Saturday, February 18, 2012

Video Game Revolution!

As you probably already figured, I play a fair amount of video games. I watch Nathan play even more. (He's trying to review every single one he's played over here, incidentally, and even at the rate of two reviews a day he's hardly made a dent.) So I feel like maybe some of the ideas I have for making the video game industry better might at least be a little tiny bit legit. There's one feature in particular that I think is a no brainer.

Language filters.

Seriously. Gears of War put one in (kind of as a joke, I think; they also put in a gore filter which I thought was a pretty cool addition too), and even though I didn't care for that game as a whole, I thought that feature was awesome and I respected the franchise more as a result. (In fact, that's one of the big reasons I didn't complain when Nathan bought the third Gears of War.) It cannot possibly take that much more programming to silence out the swearing in a game. It's standard procedure to add subtitles in most games with a lot of talking. It should be standard procedure to put a language filter in too.

Here's my logic: if there's a language filter option available, then those who don't want to listen to some voice actor dropping the f-bomb every two seconds don't have to. Those people who do want to subject themselves to such delights can. Everybody's happy. You please a larger audience, and you sell more copies.

Okay, so maybe the population of people who don't appreciate swearing in video games is small. But consider this. There are a lot of games that Nathan plays through once, and never wants to play through again at least in part because of excessive cursing. It's the difference between a rent and a buy (or possibly the difference between a buy-and-return-to-Gamestop-within-a-week and a buy-to-keep). It's the difference between a parent playing it in front of their kids (with language filter on) and indoctrinating the next generation into playing this cool game, and a parent passing on it entirely (or playing it after the kids are asleep). In other words, maybe it's a smaller population, but I still think it's significant enough for the developers to spend an extra day or two adding in a basic feature.

There are so many games that I immediately dislike because I hear five f-bombs in the intro cut scene. I really don't think there's any call for that anyway, but I can respect artistic license or whatever if developers want to put it in for "atmosphere". I just think there ought to be an option to mute it for those of us who find it offensive.

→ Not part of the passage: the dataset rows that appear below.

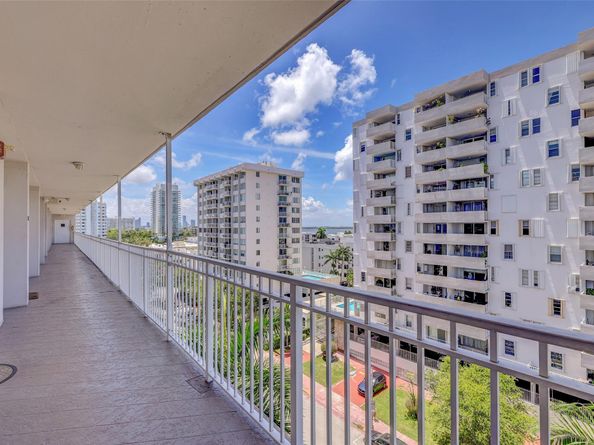 1300 Lincoln Rd D804, Miami Beach FL 33139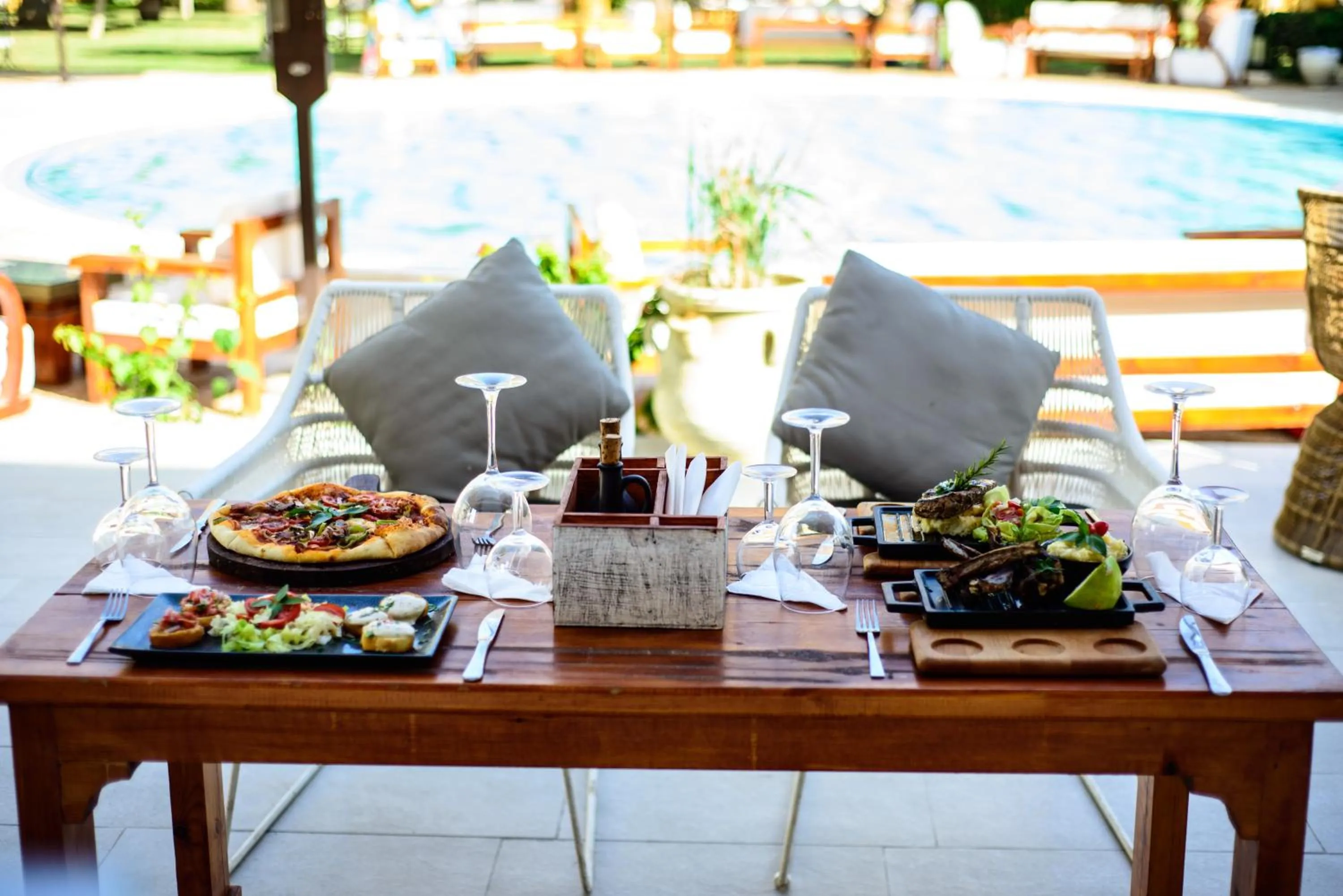 Restaurant/places to eat in Suites Hôtel Les Charmilles & Spa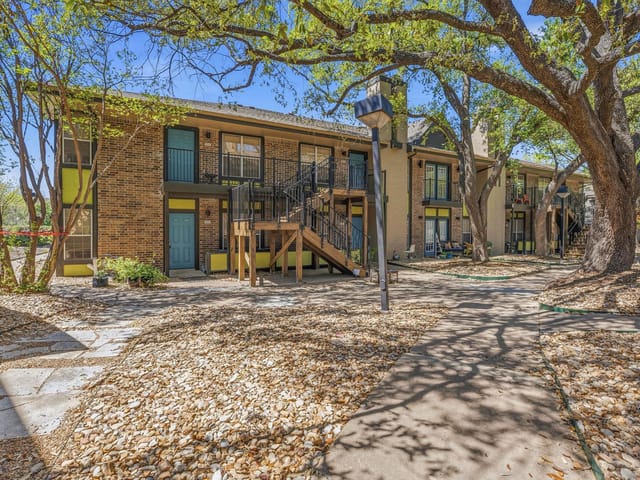 7685 Northcross Dr Unit #1121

Maybe I'm over idealistic. But that's my two cents.

1 comment:

  1. I played Nier with headphones on for almost the entire game (just the intro cutscene has a veritable bucket full of curse words), since I didn't feel comfortable sharing the dialogue with people around me. I felt that that type of language helped to develop the character that used it, but I also feel that it probably could have been accomplished with similar effectiveness using clean language.